If you find from your consideration of all of the evidence that each of these propositions has been proved, then your verdict should be for the plaintiff on the state and federal harassment claims.
Instruction No. 12
If you find that the defendant neither knew nor should have known of the racially harassing conduct, plaintiff may still prevail under federal law if he proves each of the following propositions:
1. That there was language or conduct of a racial nature, or that occurred because of the plaintiff's race; and
2. That this language or conduct was unwelcome in the sense that the plaintiff regarded the conduct as undesirable and offensive; and
3. That the conduct or language was so offensive or pervasive that it could reasonably be expected to alter the conditions of the plaintiff's employment; and
4. That John Fosdick was employed in a supervisory capacity and participated in the harassment.
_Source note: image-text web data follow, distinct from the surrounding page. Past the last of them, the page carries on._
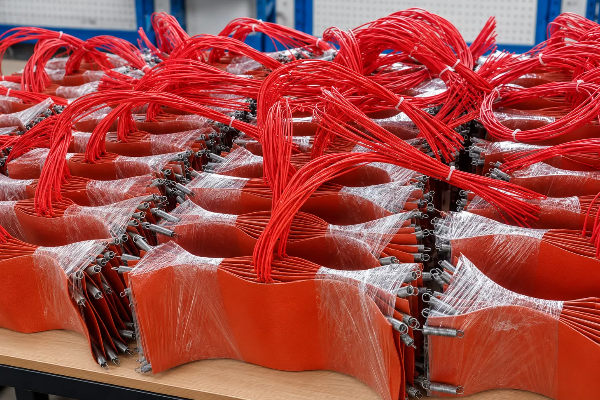 Formed heater body for a cylindrical equipment surface.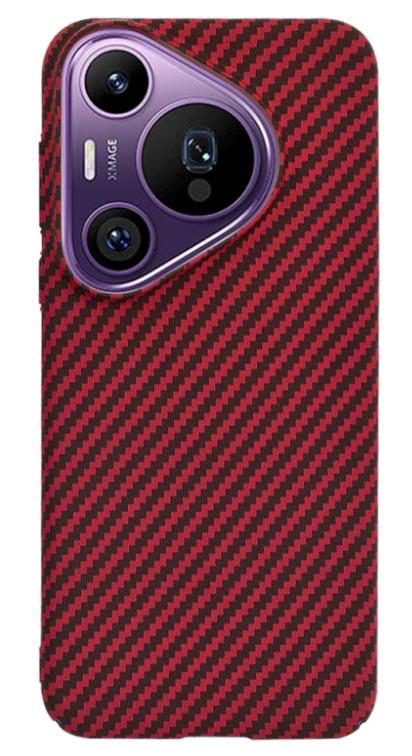 Husa pentru Huawei Pura 70 Pro, Techsuit, Carbonite FiberShell, Rosie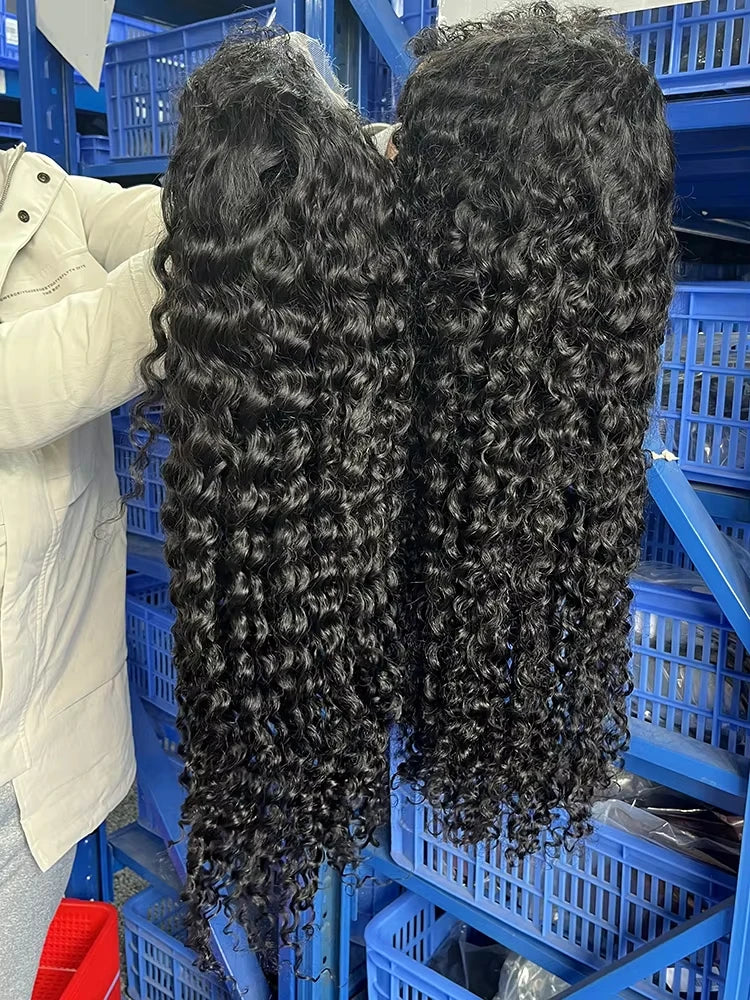 HD Water Wave Pre Plucked Lace Front Wigs
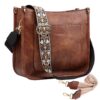 RAVUO Sac à Main Femme Cuir Mode Sac Bandoulière 2 Bretelles Réglables pour Voyage Shopping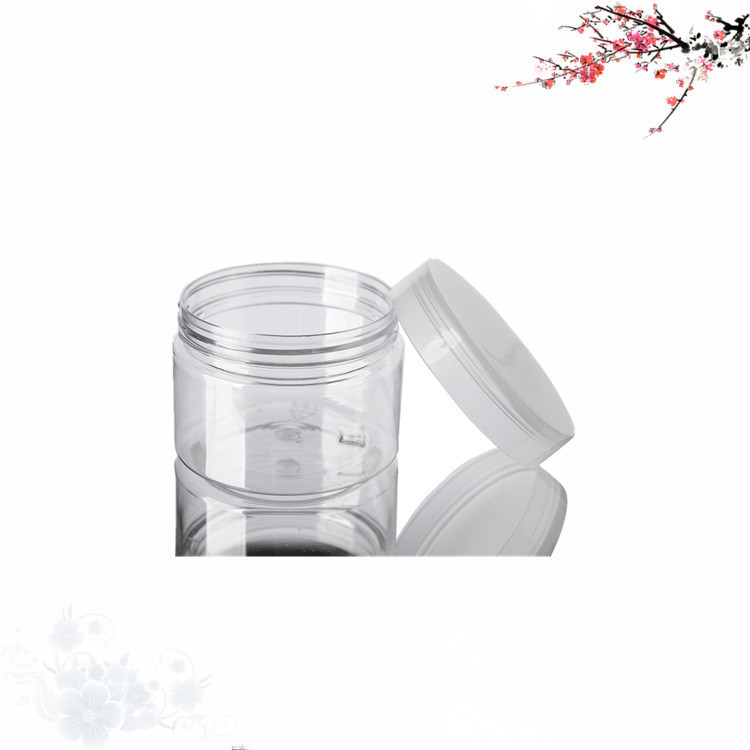 30g 50g 60g 80g Wide Mouth Food Grade Peanut Butter PET Transparent Plastic Jars PET Plastic Jars  with Lids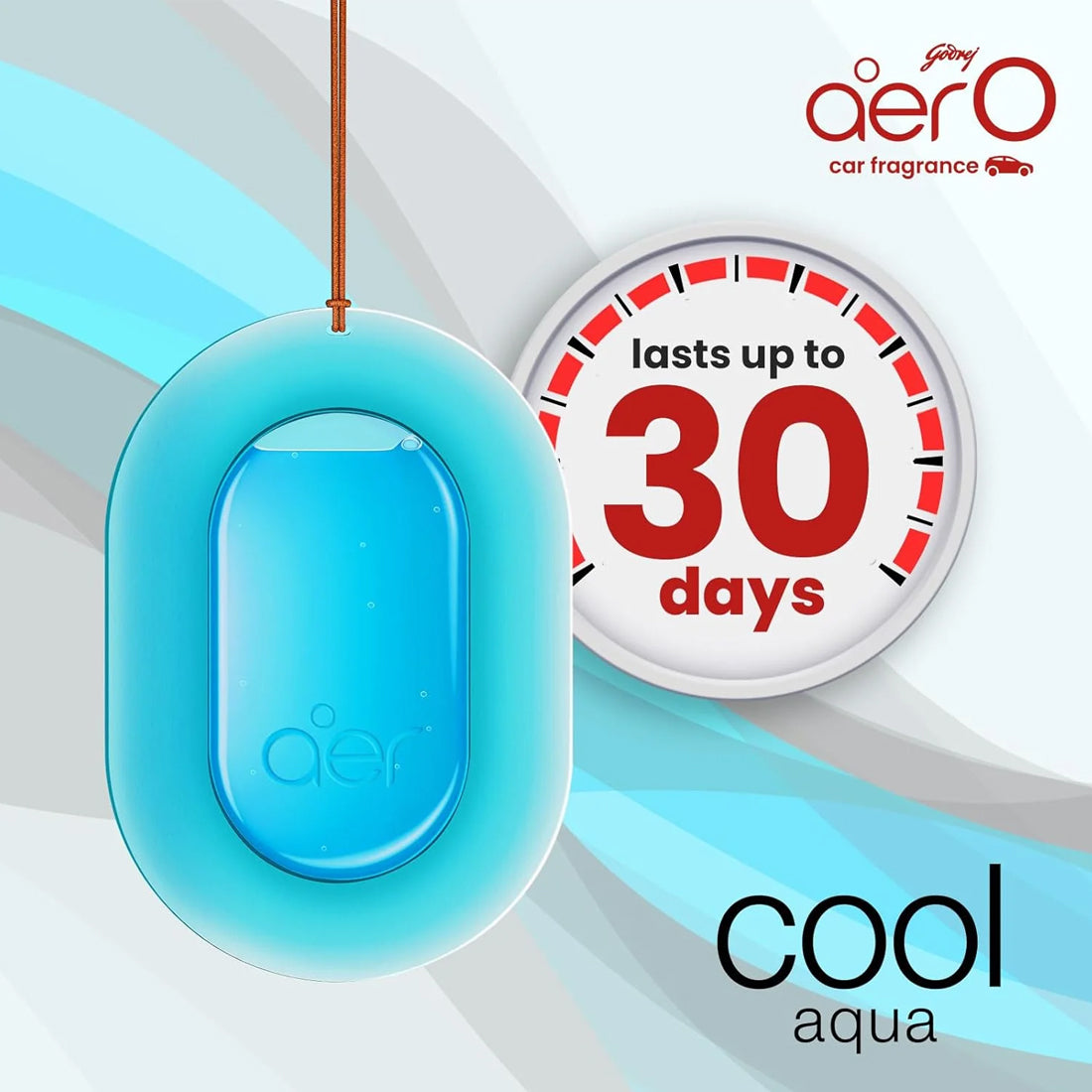 Godrej Aer Aero Hanging Car Air Freshner | Long-Lasting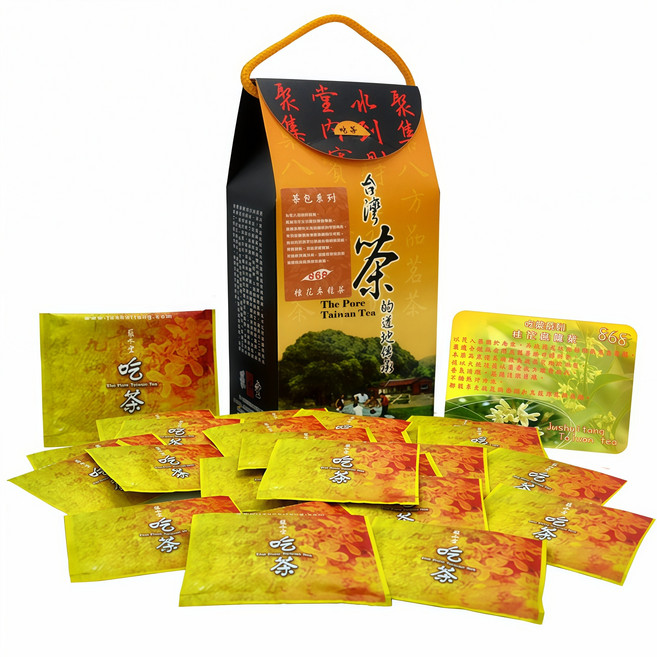 聚水堂 台灣高山桂花烏龍茶包禮盒, 1套, 茶葉包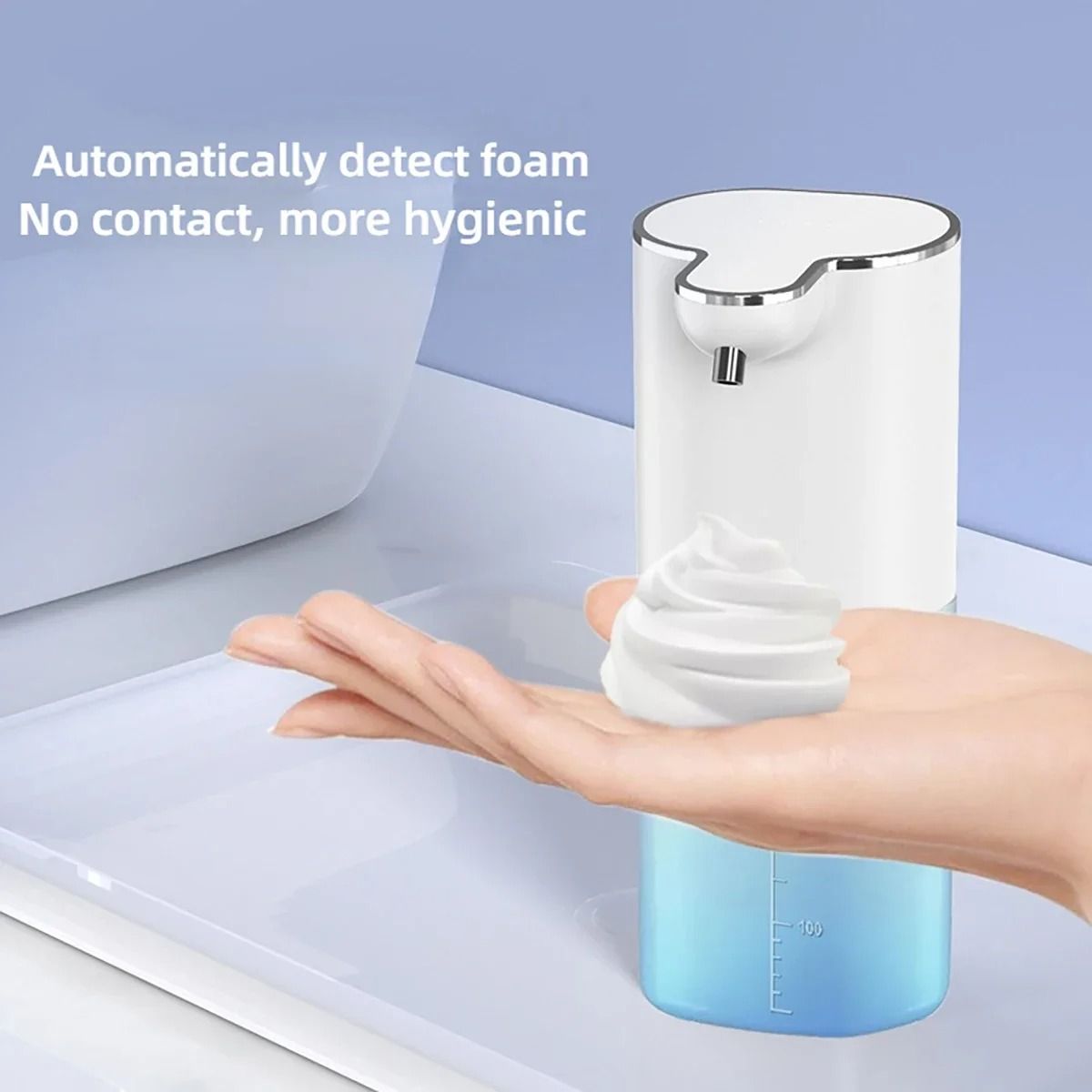 Automatic Soap Dispenser with Infrared Sensor and USB Rechargeable Design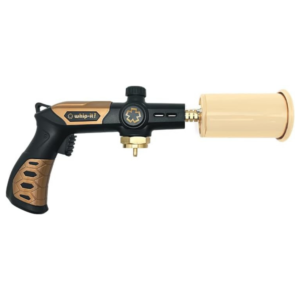 Barrel Torch Campfire Starter Powerful Propane Torch, Kitchen Cooking Torch, Culinary Torch Lighter, Adjustable Blow Torch for Sous Vide Searing Steak, BBQ, Grill, Campfire Charcoal Starter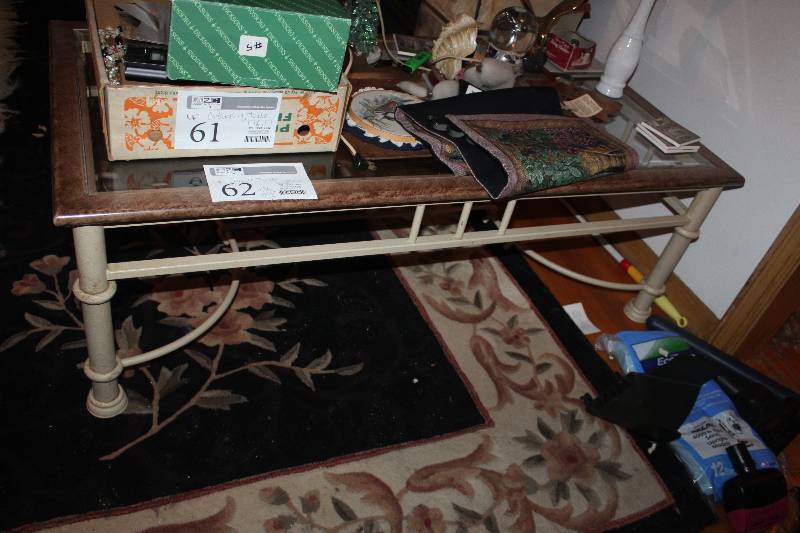 Glass-top Coffee Table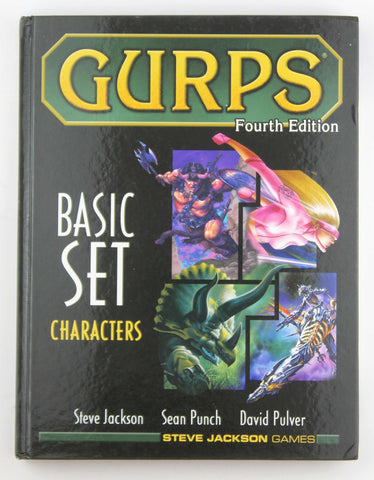 Gurps RPG 4th Edition Basic Set Characters, by Jackson, et al  
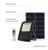 Solar Flood Light Commercial Grade 3300lm IP65 Remote Control Motion Sensor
The defendant has the burden of proving each of the following by a preponderance of the evidence:
1. That the employer exercised reasonable care to prevent and correct promptly any racially harassing behavior, and
2. That the plaintiff employee unreasonably failed to take advantage of any preventive or corrective opportunities provided by the employer or to avoid harm otherwise.
If the plaintiff has failed to prove each of the things on which plaintiff has the burden of proof, your verdict should be for the defendant on this claim.
If you find that each of the things on which plaintiff has the burden of proof has been proved, your verdict should be for the plaintiff, unless you also find that each of the things on which the defendant has the burden of proof has also been proved, in which your verdict should be for the defendant on this claim.